# Body shield Pro with Tiff Needell



## carwarpz

Just watched Pitch TV shopping channel on sky!

Body shield pro came on, a new waterless car wash! 
Looks impresive....
its on there website too 

anyone else catch this?


----------



## DIESEL DAVE

http://www.pitch.tv/p-5921-body-shield-pro.aspx


----------



## Exotica

I use this , probably no difference and cheaper. I got three for £30

http://www.idealworld.tv/BOGOF_Greased_Lightning_Showroom_Shine_1L_171785.aspx?fh_location=//idealworld/en_GB/[email protected];{8008}






Not my clip

Its ok for a quick spruce up.


----------



## DIESEL DAVE

Exotica said:


> I use this , probably no difference and cheaper. I got three for £30


Proshine is the same stuff, I bought 20lts for £120 (Netparts)
This new Body shield plus is a spin off from `Perma Clear` and is slightly different


----------



## nick_mcuk

Its full of silicones....its BS shine


----------



## RCZ

nick_mcuk said:


> Its full of silicones....its BS shine


Are silicones bad or something?


----------



## corbettjarvis

I was always told they stop you being able to top your wax up - you have to clear them off which takes wax off too so may as well start again I think after you've used products with them, although they use them to fill light swirls. Don't last long... you tried normal detailing sprays like Zaino's Z6 gloss enhancer and UV? cheap and great gloss. mist on, MR off perfect for a spruce up :O)


----------



## RCZ

I'd heard that waterless washes do remove some of the wax and replace it with their own layer of protection; that's why I'm switching to a sealant. I understand that they're more compatible with waterless wash.


----------



## RandomlySet

Just seen this advert now on Pitch TV....Made me lol all the way through it :lol:


----------



## Pezza4u

I saw this ad for the first time this morning. They may claim the product doesn't cause scratches but the way they were rubbing that paintwork would!! :lol:


----------



## CraigQQ

i thought the same pezza, 
my dad recorded it the other day to show me and its deffinately marring it!!

anyone seen magic pen?
somehow this clearcoat pen can remove scratches that are all the way through to primer and finish down like its been sanded and compounded!!!!!!
:lol: can't see it myself!!


----------



## Pezza4u

My missus joked that I needed some of that stuff, I could clean the car quicker then!! :lol:

I saw the magic pen one the other day, what aload of crap!


----------



## CraigQQ

:lol: buy both... then the damage from body shield can be fixed with the smart pen :lol:


----------



## Prism Detailing

Is the magic pen not just pure silicone ?
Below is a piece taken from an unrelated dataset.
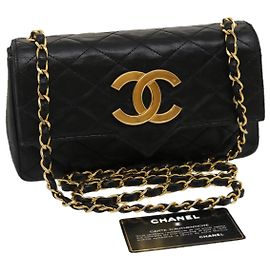 CHANEL Matelasse Borsa a spalla Pelle di agnello Nero Oro CC Auth jk1831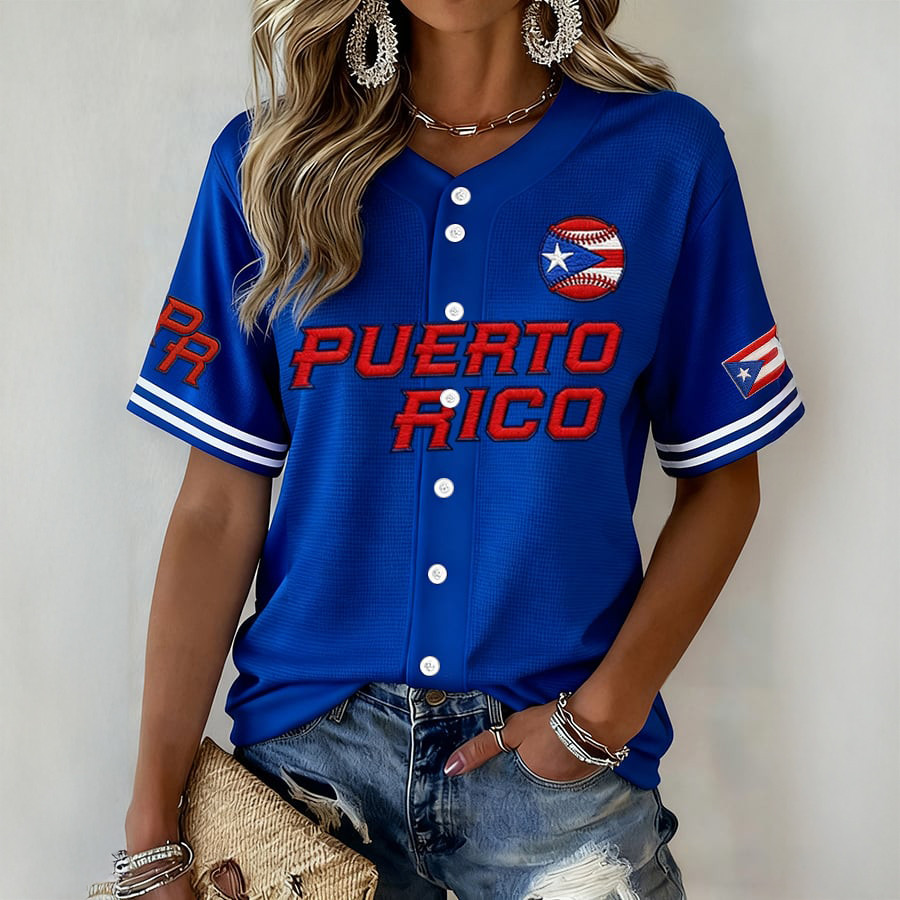 Puerto Rico Baseball Jersey Boricua Baseball Team Clothes Gift For Girlfriend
I have to admit im converting to waterless washes, thy are very good in the right situation and if you have a good technique will not inflict too much damage - no damage.

I was talking to Dom about it, and he mentioned about the other chemical make up which doesnt involve silicone but its an alternative (obviously because silicone is a hated word)..

Personally i dont mind products with fillers in it, not for me, but for the people who want a shine and dont understand correction etc, this is perfect for them.....not everyone is as OCD as us....so there is a market for it !


----------



## MilesBetter

What waterless washes are you using, thinking of using please, what are your findings so far. I have been using ONR for the last year now, in the right situation as you say, and have just got some CG HFE to try out.



Prism Detailing said:


> Is the magic pen not just pure silicone ?
> 
> I have to admit im converting to waterless washes, thy are very good in the right situation and if you have a good technique will not inflict too much damage - no damage.
> 
> I was talking to Dom about it, and he mentioned about the other chemical make up which doesnt involve silicone but its an alternative (obviously because silicone is a hated word)..
> 
> Personally i dont mind products with fillers in it, not for me, but for the people who want a shine and dont understand correction etc, this is perfect for them.....not everyone is as OCD as us....so there is a market for it !


----------



## Prism Detailing

MilesBetter said:


> What waterless washes are you using, thinking of using please, what are your findings so far. I have been using ONR for the last year now, in the right situation as you say, and have just got some CG HFE to try out.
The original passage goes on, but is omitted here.